Science  /  Media Criticism

How "Nature" Contributed To Science’s Discriminatory Legacy

We want to acknowledge — and learn from — our history.

In 1904, Nature printed a speech about eugenics by the statistician Francis Galton. One of the foremost scientists of his day, Galton defined eugenics as “the science which deals with all influences that improve and develop the inborn qualities of a race”. He said that “the aim of eugenics is to represent each class or sect by its best specimens, causing them to contribute more than their proportion to the next generation”.

Galton’s scientifically inaccurate ideas about eugenics had a huge, damaging influence that the world is still grappling with. The idea that some groups — people of colour or poor people, for example — were inferior has fuelled irreparable discrimination and racism. Nature published several papers by Galton and other eugenicists, thus giving a platform to these views. At the time, eugenics “was an active area of research and considered a very legitimate one”, says Melinda Baldwin, a historian at the University of Maryland, College Park, who wrote Making Nature, a 2015 history of the journal. Nature, she says, “helped to spread eugenic doctrine by publishing those scientists”.

Galton’s papers are part of a shameful seam running through Nature’s history. Since its founding more than 150 years ago, this journal has developed a reputation for publishing some of the world’s most important scientific discoveries. But we have also published material that contributed to bias, exclusion and discrimination in research and society. Some of our articles were offensive and harmful, a legacy we are now making an overdue effort to examine and expose. They contrast starkly with the journal’s current goal of fostering equity, diversity and inclusion.

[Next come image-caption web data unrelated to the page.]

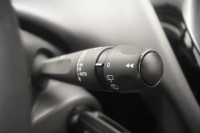 Peugeot 208 1.2 PureTech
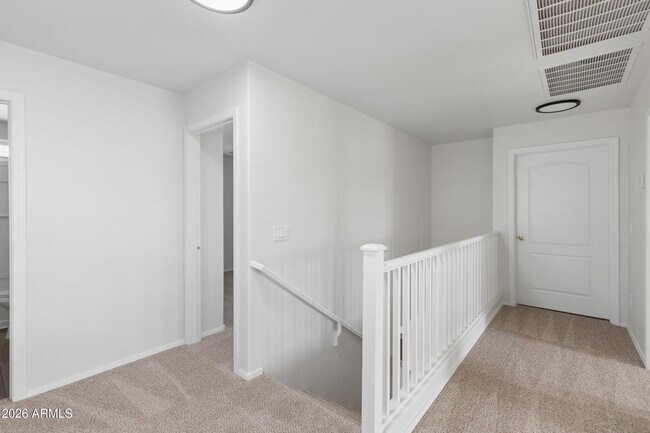 Building Photo - 16018 N 171st Dr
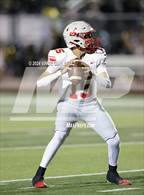 Photo from the gallery "Judson @ Johnson"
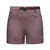 Dark Mauve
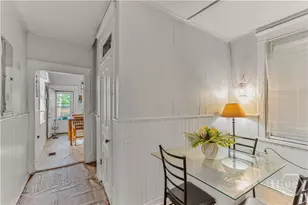 211 W 34th St, Savannah, GA 31401 - Photo 10
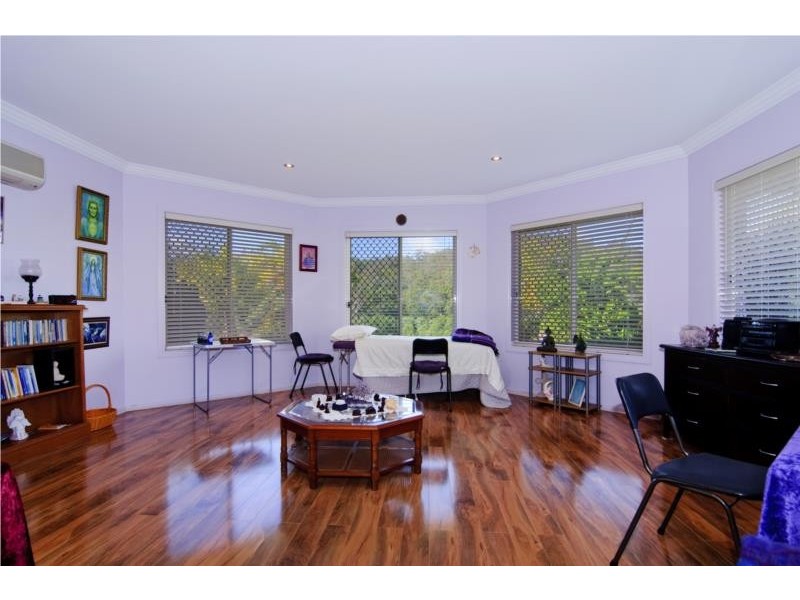 79 Larcombe Drive, Wongawallan QLD 4210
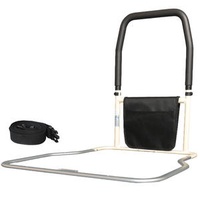 Bedside Handrail Elderly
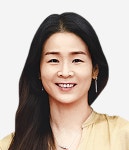 아비뇽 뒤흔든 이자람, 1335석 대형 무대 오른다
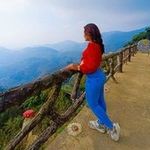 Marilyn Herdgwittini - @marilynherdgwittini_ - Instagram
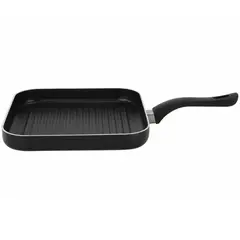 undefined - Sarten Cuadrado 26Cm Antiadherente Colores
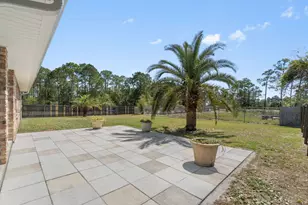 1522 Brigaten Ct, Gulf Breeze, FL 32563 - Photo 35
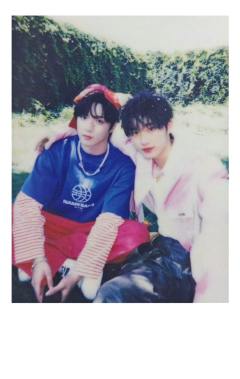 夏日记忆团款双人卡24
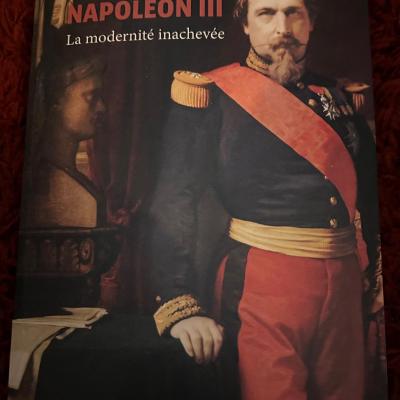 Napoleon iii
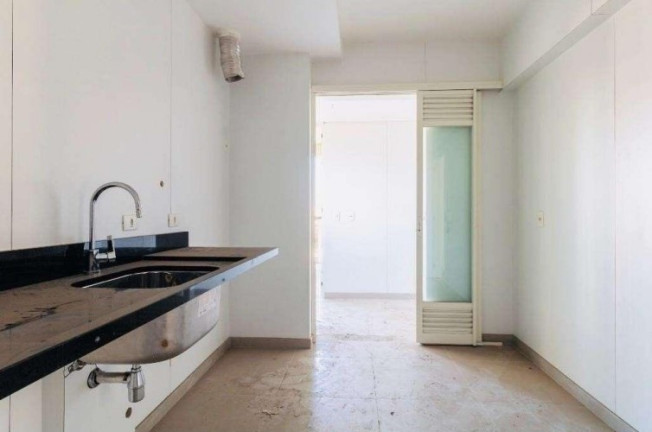 Imagem Imóvel com 3 Quartos à Venda, 110 m² em Jardim Da Saúde - São Paulo Imagem Imóvel com 3 Quartos à Venda, 110 m² em Jardim Da Saúde - São Paulo
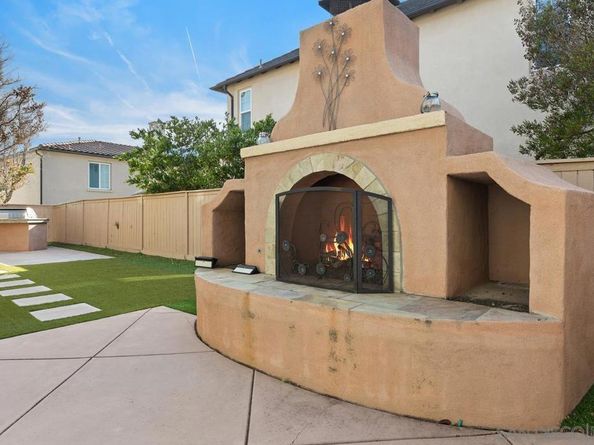 15639 Via Montecristo, San Diego CA 92127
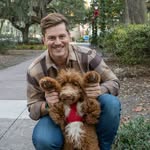 1ts_topher profile picture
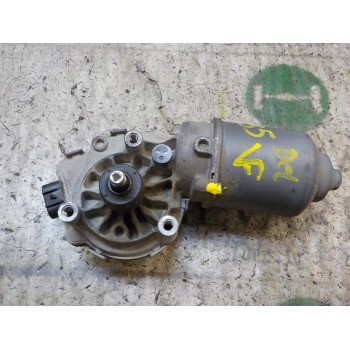 MOTOR LIMPIA DELANTERO 71742598 3811079J00 1593000850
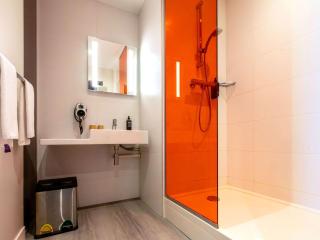 ibis Styles Troyes Centre - Troyes - 1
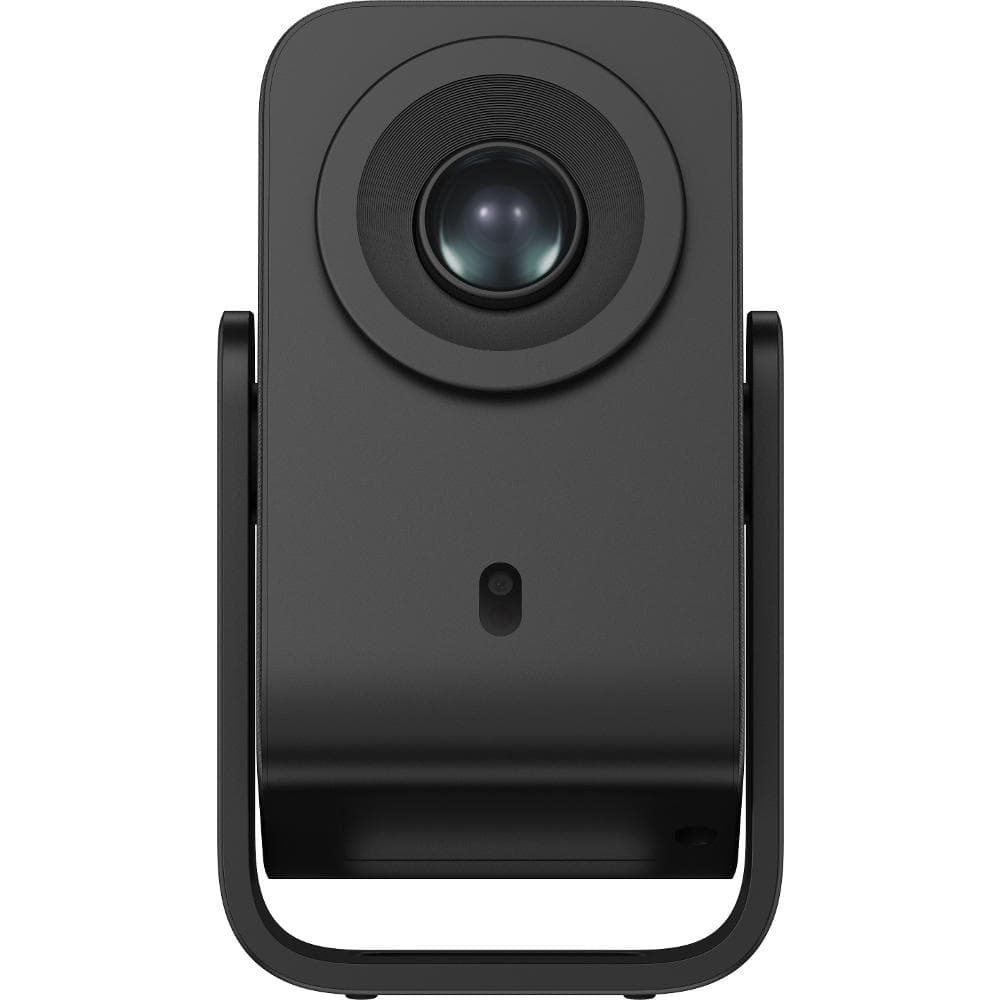 Projektor C1 TCL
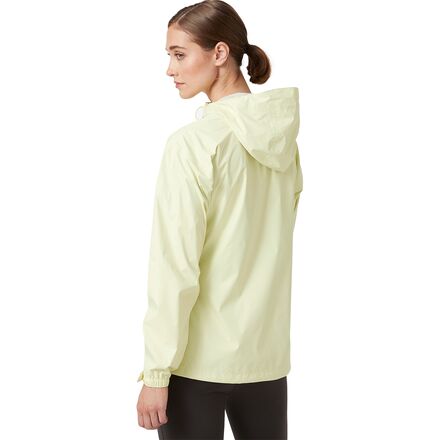 Helly Hansen - Loke Jacket - Women's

We have been examining Nature’s history in the lead up to a forthcoming special issue on racism in research, to be published next month. We promised to do this in 2020, after the killing of George Floyd by police in Minneapolis, Minnesota, triggered a wave of protests over the harms caused by systemic racism. Four guest editors (Melissa Nobles, Chad Womack, Ambroise Wonkam and Elizabeth Wathuti) who are guiding our special issue have highlighted the importance of scientific institutions acknowledging the ways in which their histories have compounded systemic racism — and although this editorial is not a comprehensive account of the journal’s contributions to racism and other problematic legacies of science, it is a start.